> _WORK REQUIRED_
Only one portion of the data is to be written out: from the line bearing "overlock saving machine" through the line bearing "Оригинальное золотое кольцо Giorgio Visconti". Write it exactly as it appears.
[THE DATA — start]
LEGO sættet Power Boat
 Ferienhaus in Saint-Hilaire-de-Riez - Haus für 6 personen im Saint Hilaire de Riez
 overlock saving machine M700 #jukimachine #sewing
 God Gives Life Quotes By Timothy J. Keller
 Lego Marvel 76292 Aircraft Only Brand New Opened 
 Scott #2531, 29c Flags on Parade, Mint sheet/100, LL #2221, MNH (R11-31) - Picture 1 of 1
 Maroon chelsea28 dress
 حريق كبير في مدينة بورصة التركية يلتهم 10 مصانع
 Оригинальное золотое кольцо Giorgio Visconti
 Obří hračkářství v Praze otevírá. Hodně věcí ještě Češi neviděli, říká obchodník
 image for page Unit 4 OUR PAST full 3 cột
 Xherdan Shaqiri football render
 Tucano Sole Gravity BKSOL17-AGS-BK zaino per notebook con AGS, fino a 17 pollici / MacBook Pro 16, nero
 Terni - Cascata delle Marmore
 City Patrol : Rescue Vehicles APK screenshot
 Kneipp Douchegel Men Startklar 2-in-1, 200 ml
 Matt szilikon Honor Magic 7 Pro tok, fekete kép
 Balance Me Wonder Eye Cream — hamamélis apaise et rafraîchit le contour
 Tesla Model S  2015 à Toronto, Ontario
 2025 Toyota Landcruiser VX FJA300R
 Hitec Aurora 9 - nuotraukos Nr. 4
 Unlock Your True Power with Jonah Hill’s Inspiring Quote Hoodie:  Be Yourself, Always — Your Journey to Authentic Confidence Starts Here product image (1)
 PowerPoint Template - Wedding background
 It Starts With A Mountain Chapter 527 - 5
[THE DATA — finish]
> _EXERCISE ANSWER_
 overlock saving machine M700 #jukimachine #sewing
 God Gives Life Quotes By Timothy J. Keller
 Lego Marvel 76292 Aircraft Only Brand New Opened 
 Scott #2531, 29c Flags on Parade, Mint sheet/100, LL #2221, MNH (R11-31) - Picture 1 of 1
 Maroon chelsea28 dress
 حريق كبير في مدينة بورصة التركية يلتهم 10 مصانع
 Оригинальное золотое кольцо Giorgio Visconti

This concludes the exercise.